:: Records from a dataset ::
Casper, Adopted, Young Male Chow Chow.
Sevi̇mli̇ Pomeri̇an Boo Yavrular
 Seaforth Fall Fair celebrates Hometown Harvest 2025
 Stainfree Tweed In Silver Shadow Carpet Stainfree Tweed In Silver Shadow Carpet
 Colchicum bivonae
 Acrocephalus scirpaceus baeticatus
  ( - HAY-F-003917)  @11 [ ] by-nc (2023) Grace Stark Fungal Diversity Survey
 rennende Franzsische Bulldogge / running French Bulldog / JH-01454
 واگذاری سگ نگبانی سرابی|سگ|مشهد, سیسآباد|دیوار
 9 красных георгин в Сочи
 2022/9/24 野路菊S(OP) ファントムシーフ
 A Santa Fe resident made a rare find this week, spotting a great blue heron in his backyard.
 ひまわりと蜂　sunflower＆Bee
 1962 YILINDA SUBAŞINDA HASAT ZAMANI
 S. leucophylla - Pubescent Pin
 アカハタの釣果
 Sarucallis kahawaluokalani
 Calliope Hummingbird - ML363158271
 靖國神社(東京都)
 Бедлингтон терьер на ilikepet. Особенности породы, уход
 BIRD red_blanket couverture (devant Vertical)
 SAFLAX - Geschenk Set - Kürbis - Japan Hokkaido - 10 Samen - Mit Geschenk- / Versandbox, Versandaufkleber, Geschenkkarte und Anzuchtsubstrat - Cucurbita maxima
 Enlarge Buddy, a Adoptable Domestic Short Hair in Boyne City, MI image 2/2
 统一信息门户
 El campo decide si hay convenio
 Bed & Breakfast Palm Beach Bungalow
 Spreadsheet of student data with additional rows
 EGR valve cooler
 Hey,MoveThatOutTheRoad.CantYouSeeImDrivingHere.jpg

:: YOUR INSTRUCTIONS ::
Without changing a single word, reproduce the entries above.

:: SOLUTION TO THE EXERCISE ::
Casper, Adopted, Young Male Chow Chow.
Sevi̇mli̇ Pomeri̇an Boo Yavrular
 Seaforth Fall Fair celebrates Hometown Harvest 2025
 Stainfree Tweed In Silver Shadow Carpet Stainfree Tweed In Silver Shadow Carpet
 Colchicum bivonae
 Acrocephalus scirpaceus baeticatus
  ( - HAY-F-003917)  @11 [ ] by-nc (2023) Grace Stark Fungal Diversity Survey
 rennende Franzsische Bulldogge / running French Bulldog / JH-01454
 واگذاری سگ نگبانی سرابی|سگ|مشهد, سیسآباد|دیوار
 9 красных георгин в Сочи
 2022/9/24 野路菊S(OP) ファントムシーフ
 A Santa Fe resident made a rare find this week, spotting a great blue heron in his backyard.
 ひまわりと蜂　sunflower＆Bee
 1962 YILINDA SUBAŞINDA HASAT ZAMANI
 S. leucophylla - Pubescent Pin
 アカハタの釣果
 Sarucallis kahawaluokalani
 Calliope Hummingbird - ML363158271
 靖國神社(東京都)
 Бедлингтон терьер на ilikepet. Особенности породы, уход
 BIRD red_blanket couverture (devant Vertical)
 SAFLAX - Geschenk Set - Kürbis - Japan Hokkaido - 10 Samen - Mit Geschenk- / Versandbox, Versandaufkleber, Geschenkkarte und Anzuchtsubstrat - Cucurbita maxima
 Enlarge Buddy, a Adoptable Domestic Short Hair in Boyne City, MI image 2/2
 统一信息门户
 El campo decide si hay convenio
 Bed & Breakfast Palm Beach Bungalow
 Spreadsheet of student data with additional rows
 EGR valve cooler
 Hey,MoveThatOutTheRoad.CantYouSeeImDrivingHere.jpg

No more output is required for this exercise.